Australia business conditions near 3-yr high-survey
SYDNEY Feb 11 (Reuters) - A measure of Australian business conditions rose to its highest in nearly three years in January and firms felt more confident about the outlook for orders and employment, a survey reported on Tuesday.
National Australia Bank's survey of more than 400 firms also found a marked improvement in manufacturing, surprising given constant reports of job cutting and closures.
The report's index of business conditions rose 1 point to +4 in January, the highest since March 2011, while all its various sub-indicies turned positive.
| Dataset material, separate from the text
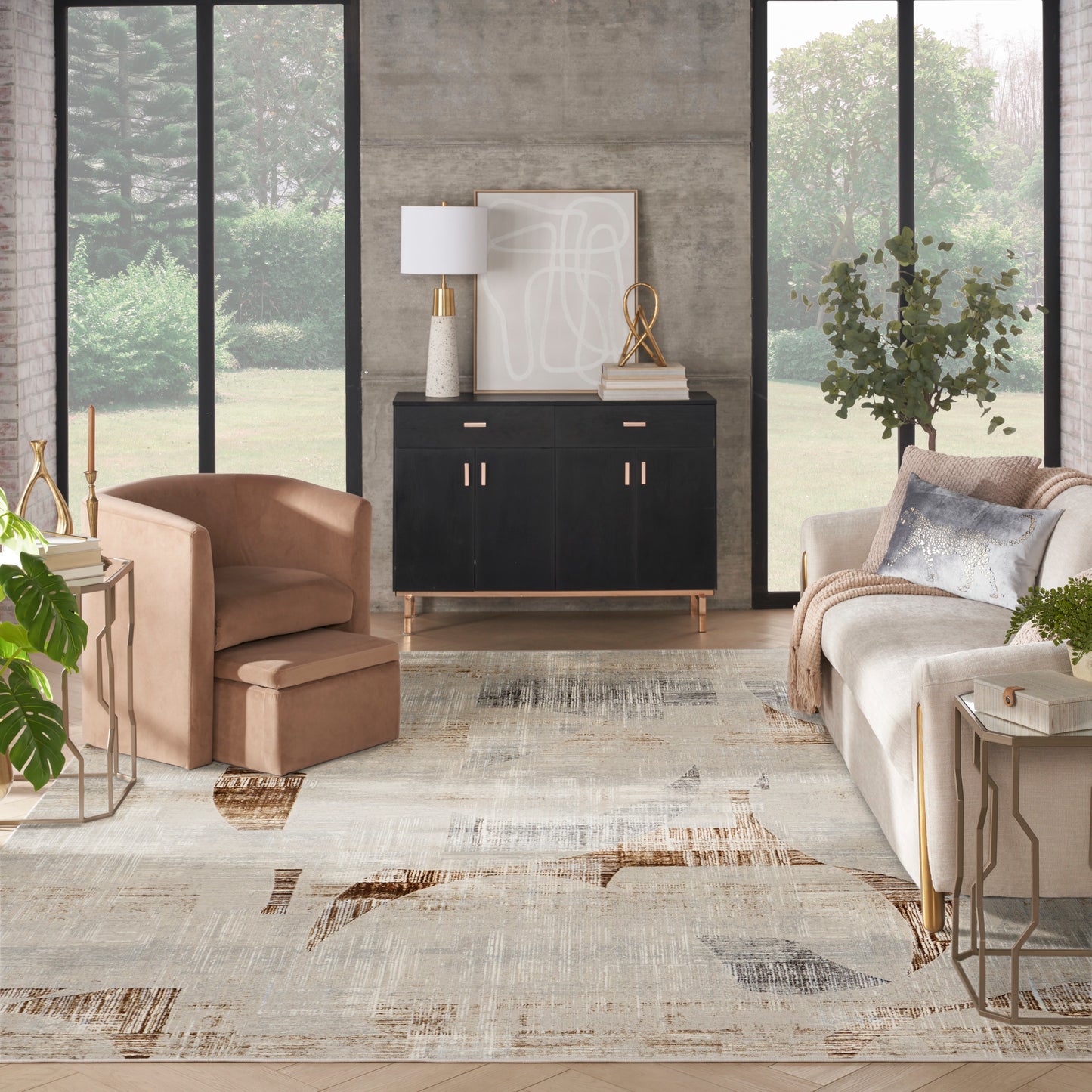 Modern living room with black sideboard featuring gold handles, tan leather chair, beige sofa, abstract neutral rug.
The main measure of business confidence climbed 2 points to stand at +8, above its long-run average.
"Conditions look to have turned around a little faster than we had expected just a few months ago, with low interest rates and depreciating AUD gaining surprisingly good traction in some non-mining sectors of the economy," said NAB's chief economist, Alan Oster.
"The improvements over recent months have established a clear upward trend in business activity, suggesting some upside potential to our current growth outlook."
The better trend in business conditions, if maintained, implied underlying economic growth of around 3.25 percent for the first quarter, which would be well above NAB's own forecast.
In an encouraging sign for the subdued labour market, the survey's measure of employment climbed 5 points to +1 for its highest reading in 21 months. Manufacturers again reported a big improvement, followed by sports & recreation and business services.
There was also promising news for future growth with the index of forward orders jumping 8 points to +6, the highest since 2009.
The index of capital spending plans rose 3 points to +4 as a pick-up in the services sector outweighed a pullback in mining and construction.
That would be welcome news for the Reserve Bank of Australia (RBA), which has been counting on a revival in non-mining sectors to offset the drag from a cooling resource boom.
Just last week, the central bank all but shut the door on further rate cuts, citing improving economic conditions and a pick-up in inflation.
The RBA cut rates to a record low of 2.5 percent last August and is now expected by many to be on hold for months to come.